» Requirement
Please return only the lines from the one with "40″x14″ Open Sign, Extra" through the final line of the data, unchanged, with pictures omitted.

*** Working data

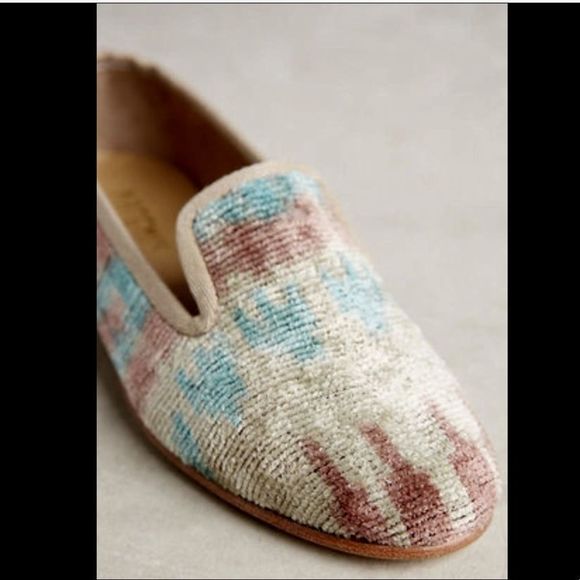 Anthropologie Tribal Print Silk Velvet Loafers - Picture 7 of 7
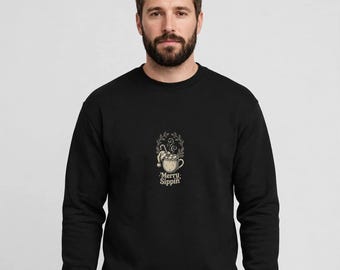 Merry Sippin' Dad Sweatshirt, Funny Christmas Cocoa Crewneck, Santa Hat Mug Christmas Gift for Dad, Cozy Holiday Sweatshirt
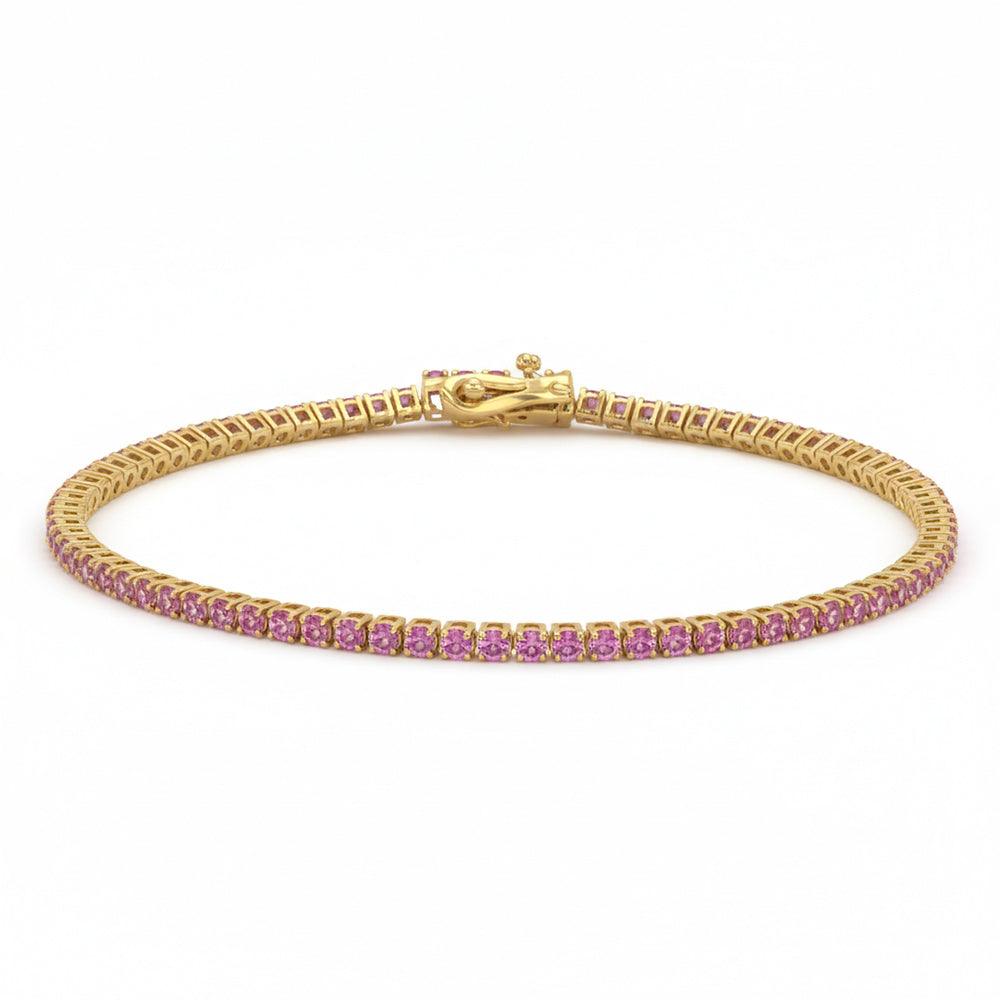 2.24ct G SI 14kt Yellow Gold Pink Sapphire Gemstone Tennis Bracelet 7" Long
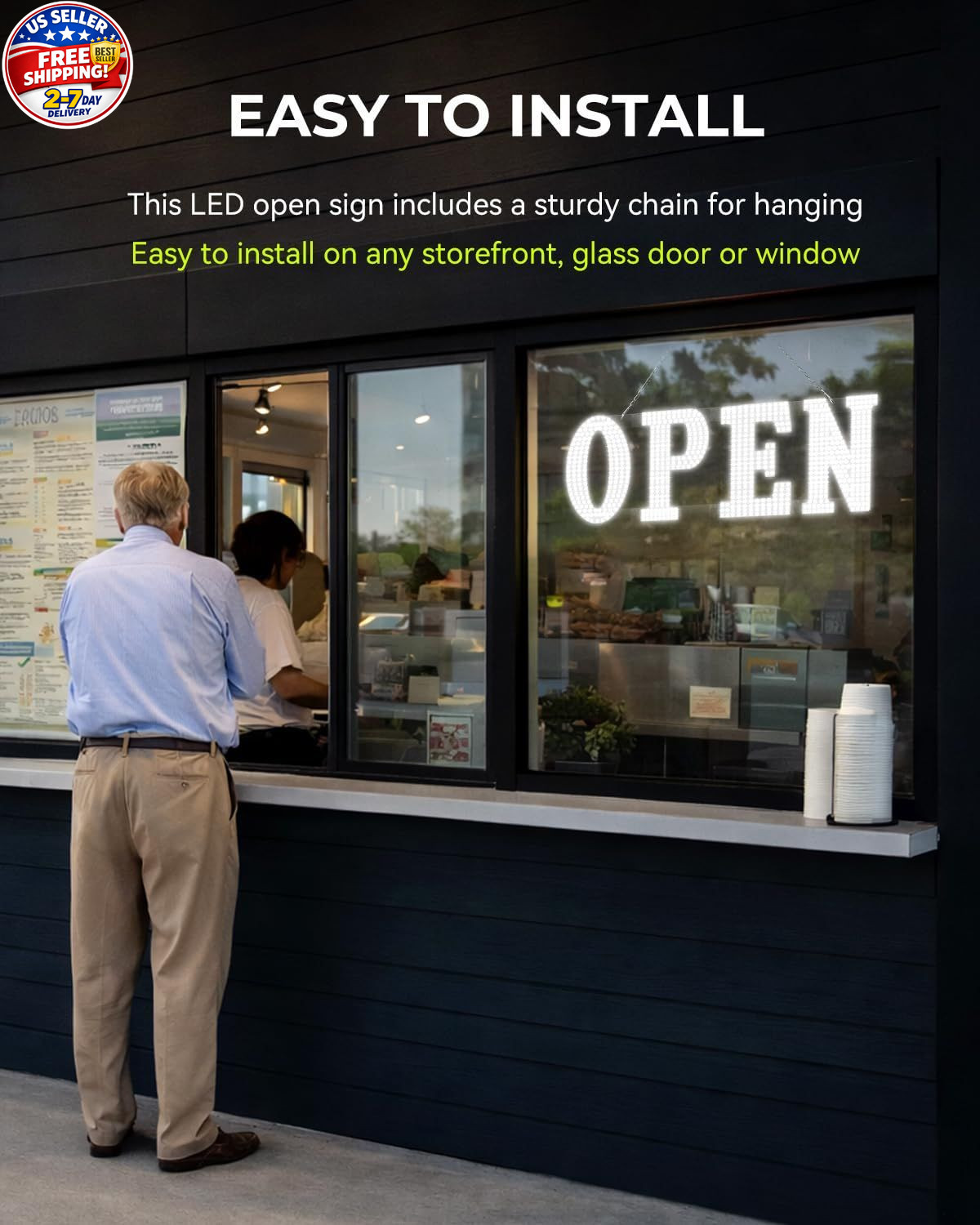 40″x14″ Open Sign, Extra Bright Jumbo Led Open Signs for Business with High V…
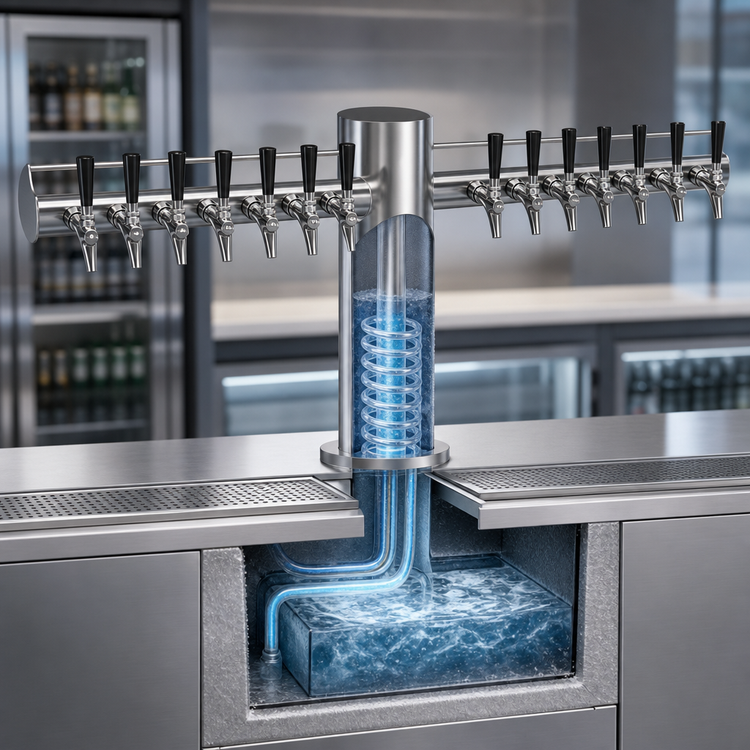 Product image #4 for Krowne Max-T Style 14-Faucet Countertop Glycol-Cooled Beer Tower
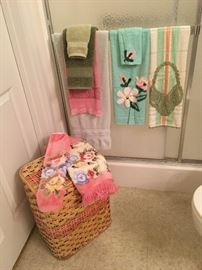 laundry basket and towels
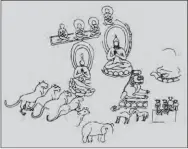  ??  ?? 勒巴沟口摩崖石刻中的­说法图中，三尊菩萨坐在一个长垫­之上。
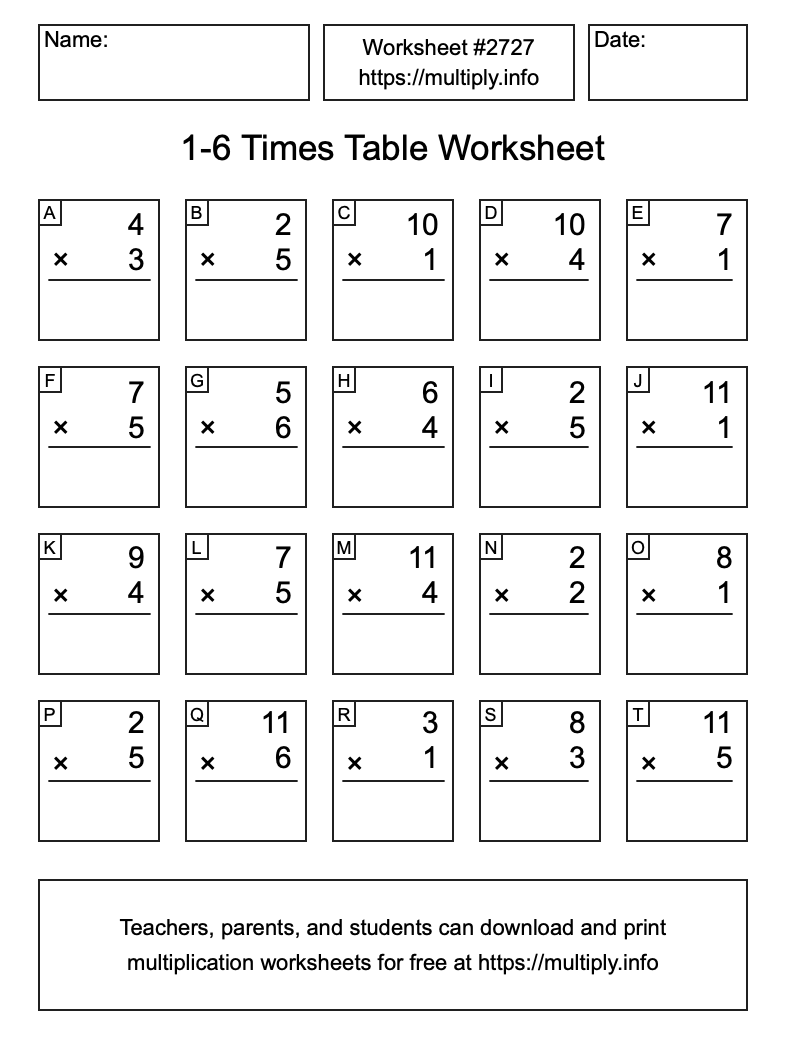 1 to 6 Times Table Worksheet #2727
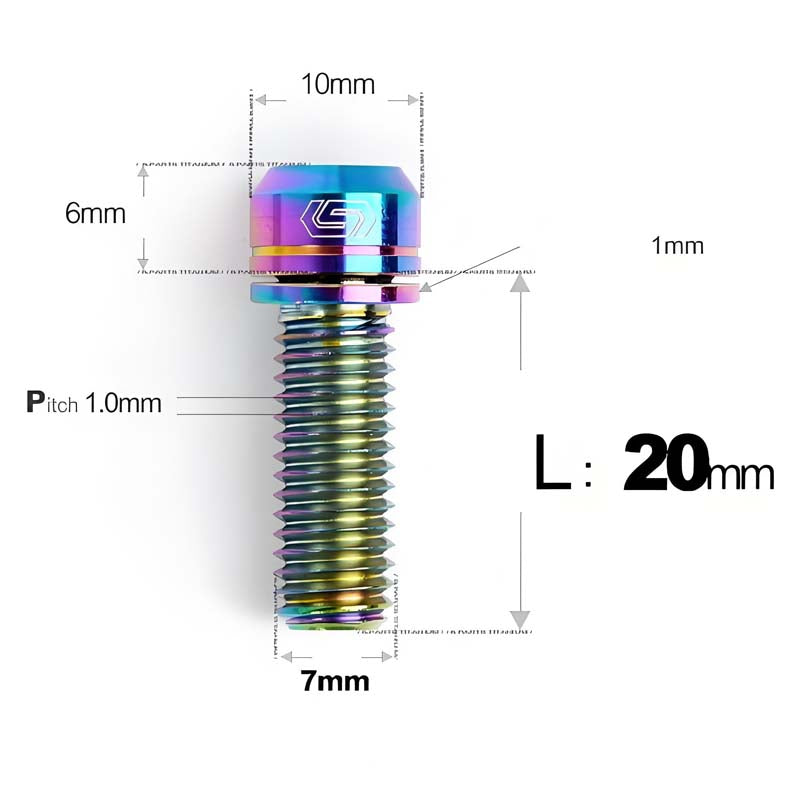 M7x18 20mm Titanium Handlebar Stem Bolts and Washers for Birdy and Brompton
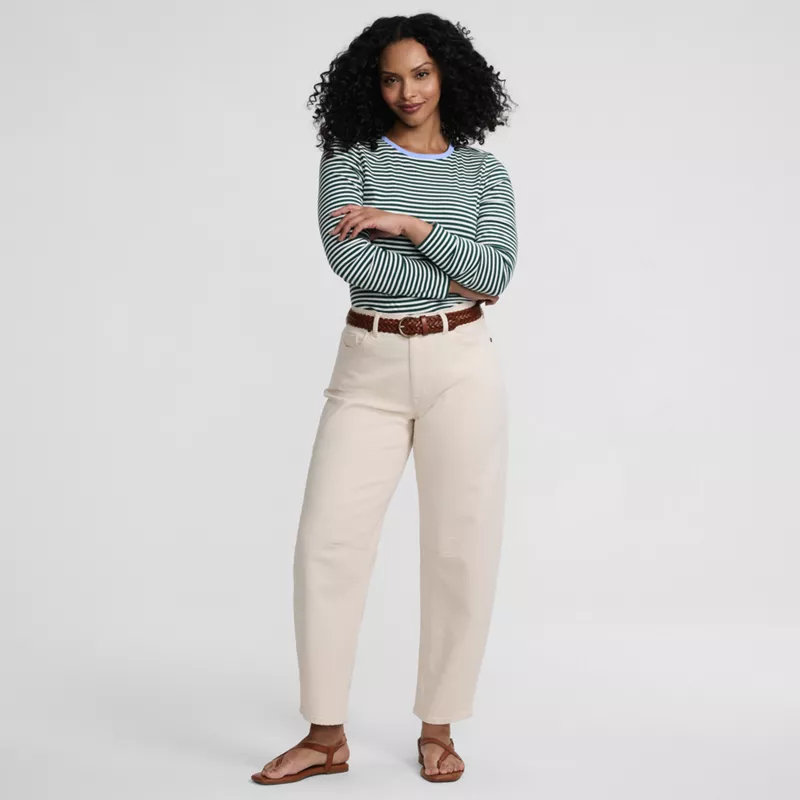 Women's Soft Denim Mid Rise Relaxed Barrel Ankle Jeans, alternative image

******

» Task output
 40″x14″ Open Sign, Extra Bright Jumbo Led Open Signs for Business with High V…
 Product image #4 for Krowne Max-T Style 14-Faucet Countertop Glycol-Cooled Beer Tower
 laundry basket and towels
  ??  ?? 勒巴沟口摩崖石刻中的­说法图中，三尊菩萨坐在一个长垫­之上。
 1 to 6 Times Table Worksheet #2727
 M7x18 20mm Titanium Handlebar Stem Bolts and Washers for Birdy and Brompton
 Women's Soft Denim Mid Rise Relaxed Barrel Ankle Jeans, alternative image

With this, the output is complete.